Seorang anak memiliki kedudukan tertentu dalam keluarga muslim, di antaranya ialah, anak sebagai anugerah Allah, sebagai ujian, sebagai amanah, sebagai sarana beramal shaleh, dan sebagai pewaris peradaban. Beda generasi memang beda cara mendidiknya. Ya, benar yang disampaikan oleh Umar Bin Khattab. Tetapi, ada beberapa tantangan yang dihadapi oleh anak masa kini. Kesibukan kedua orangtua bekerja, terkadang ayah melupakan perannya, runtuhnya nilai-nilai, dan teknologi yang bikin masalah.
Seorang anak memiliki kedudukan tertentu dalam keluarga muslim, di antaranya ialah, anak sebagai anugerah Allah, sebagai ujian, sebagai amanah, sebagai sarana beramal shaleh, dan sebagai pewaris peradaban. Beda generasi memang beda cara mendidiknya. Ya, benar yang disampaikan oleh Umar Bin Khattab. Tetapi, ada beberapa tantangan yang dihadapi oleh anak masa kini. Kesibukan kedua orangtua bekerja, terkadang ayah melupakan perannya, runtuhnya nilai-nilai, dan teknologi yang bikin masalah.
Dengan kemajuan teknologi
sekarang ini arus informasi melalui internet mudah sekali untuk diakses bahkan
oleh anak-anak yang baru saja meninggalkan usia emasnya. Anak-anak usia emas
dibiarkan berada di depan televisi berjam-jam. Warna-warni tampilan televisi
yang bahkan terkadang tidak sesuai dengan usia mereka masuk ke dalam otaknya
dan tentu itu tidak akan mereka filter sebab belum tahu mana yang benar dan
salah. Siapa yang mendampingi ketika di rumah saja orangtua masih sibuk
berkomunikasi via handphone dengan rekan kerjanya? Jika tak sendiri, ya tentu
asisten rumah tangga yang menemani mereka.

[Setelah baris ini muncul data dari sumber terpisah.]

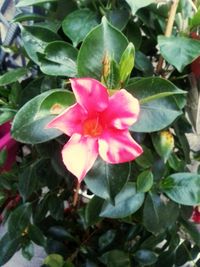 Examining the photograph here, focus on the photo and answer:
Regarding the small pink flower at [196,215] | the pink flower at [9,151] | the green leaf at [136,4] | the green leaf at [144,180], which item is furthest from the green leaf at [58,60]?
the small pink flower at [196,215]

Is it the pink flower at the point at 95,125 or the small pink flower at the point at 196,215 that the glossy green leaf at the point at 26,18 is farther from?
the small pink flower at the point at 196,215

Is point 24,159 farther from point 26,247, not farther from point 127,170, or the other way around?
point 127,170

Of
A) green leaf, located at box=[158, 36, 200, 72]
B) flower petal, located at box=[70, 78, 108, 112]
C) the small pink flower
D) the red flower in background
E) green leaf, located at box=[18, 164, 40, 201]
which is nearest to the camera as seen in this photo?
flower petal, located at box=[70, 78, 108, 112]

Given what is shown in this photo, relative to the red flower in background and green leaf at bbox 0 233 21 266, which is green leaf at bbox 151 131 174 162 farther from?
green leaf at bbox 0 233 21 266

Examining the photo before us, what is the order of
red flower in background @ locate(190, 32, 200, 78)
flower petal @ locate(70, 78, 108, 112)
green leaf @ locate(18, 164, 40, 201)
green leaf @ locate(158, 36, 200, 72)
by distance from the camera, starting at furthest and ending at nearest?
1. green leaf @ locate(18, 164, 40, 201)
2. red flower in background @ locate(190, 32, 200, 78)
3. green leaf @ locate(158, 36, 200, 72)
4. flower petal @ locate(70, 78, 108, 112)

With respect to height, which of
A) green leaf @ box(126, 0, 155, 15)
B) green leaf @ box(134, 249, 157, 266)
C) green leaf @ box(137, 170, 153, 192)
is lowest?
green leaf @ box(134, 249, 157, 266)

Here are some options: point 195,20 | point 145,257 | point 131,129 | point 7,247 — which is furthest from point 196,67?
point 7,247

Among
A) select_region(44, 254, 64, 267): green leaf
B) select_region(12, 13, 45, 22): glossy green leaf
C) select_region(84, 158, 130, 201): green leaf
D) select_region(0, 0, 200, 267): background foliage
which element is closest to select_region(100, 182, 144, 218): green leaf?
select_region(0, 0, 200, 267): background foliage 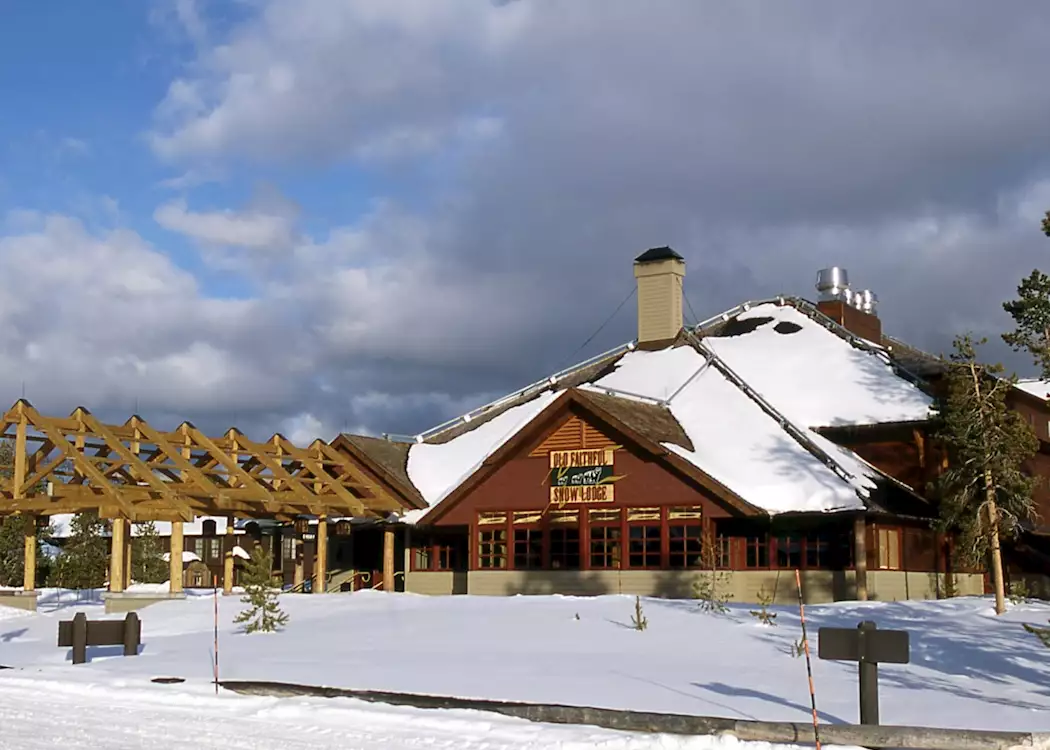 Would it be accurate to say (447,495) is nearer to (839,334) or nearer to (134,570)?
(839,334)

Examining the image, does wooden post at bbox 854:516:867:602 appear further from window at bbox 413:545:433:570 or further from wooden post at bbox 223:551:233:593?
wooden post at bbox 223:551:233:593

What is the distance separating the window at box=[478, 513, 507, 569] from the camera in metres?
37.6

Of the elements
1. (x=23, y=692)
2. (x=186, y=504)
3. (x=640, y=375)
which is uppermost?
(x=640, y=375)

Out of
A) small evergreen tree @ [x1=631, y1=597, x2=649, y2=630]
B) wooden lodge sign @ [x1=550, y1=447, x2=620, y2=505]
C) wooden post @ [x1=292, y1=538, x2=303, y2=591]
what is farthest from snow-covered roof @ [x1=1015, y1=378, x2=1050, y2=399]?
small evergreen tree @ [x1=631, y1=597, x2=649, y2=630]

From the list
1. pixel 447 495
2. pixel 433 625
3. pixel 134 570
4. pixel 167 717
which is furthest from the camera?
pixel 134 570

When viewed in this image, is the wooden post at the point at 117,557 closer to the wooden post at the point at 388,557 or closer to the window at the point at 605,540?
the wooden post at the point at 388,557

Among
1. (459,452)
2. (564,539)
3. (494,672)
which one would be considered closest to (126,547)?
(564,539)

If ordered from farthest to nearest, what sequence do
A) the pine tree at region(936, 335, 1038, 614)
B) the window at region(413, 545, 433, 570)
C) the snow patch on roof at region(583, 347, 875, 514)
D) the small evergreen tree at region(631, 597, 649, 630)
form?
the window at region(413, 545, 433, 570)
the snow patch on roof at region(583, 347, 875, 514)
the pine tree at region(936, 335, 1038, 614)
the small evergreen tree at region(631, 597, 649, 630)

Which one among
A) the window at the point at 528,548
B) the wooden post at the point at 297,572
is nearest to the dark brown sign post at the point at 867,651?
the window at the point at 528,548

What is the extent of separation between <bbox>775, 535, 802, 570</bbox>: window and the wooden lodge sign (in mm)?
4839

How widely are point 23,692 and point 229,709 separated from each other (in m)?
3.82

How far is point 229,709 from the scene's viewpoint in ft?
51.3

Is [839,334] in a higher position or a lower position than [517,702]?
higher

Jika anak-anak mulai bosan dengan
televisi, tentu mereka akan merengek. Orangtua tidak menyukai rengekan yang
mengisi seluruh ruangan di rumah itu, termasuk ruangan yang ada di dalam hati
mereka. Padahal, rengekan itu terbatas waktunya. Tidakkah rindu jika nanti usia
semakin bertambah dan anak-anak malah merasa malu untuk diatur di depan
teman-temannya?
ASAL ANAK DIAM. Akhirnya, anak diberikan
gadget untuk bermain game. Seperti itulah yang terjadi. Orangtua tidak ingin
repot oleh rengekan itu sebab pekerjaan mereka sudah cukup banyak membuat
mereka repot. Mereka banting tulang, katanya demi masa depan anak. Menabung,
menabung dan menabung.
Wahai ayah dan bunda, orangtua
dari generasi masa depan...
Membangun masa depan anak bukan
hanya soalan uang. Akhlak, adab dan pengajaran akan dasar-dasar kehidupan jauh
lebih penting.
Jangan takut jika mereka tidak bisa
sekolah karena tidak ada uang. Rezeki itu akan Allah berikan. Takutlah jika
nanti anak-anak itu tidak mengerti bagaimana menghadapi dunia yang semakin tua.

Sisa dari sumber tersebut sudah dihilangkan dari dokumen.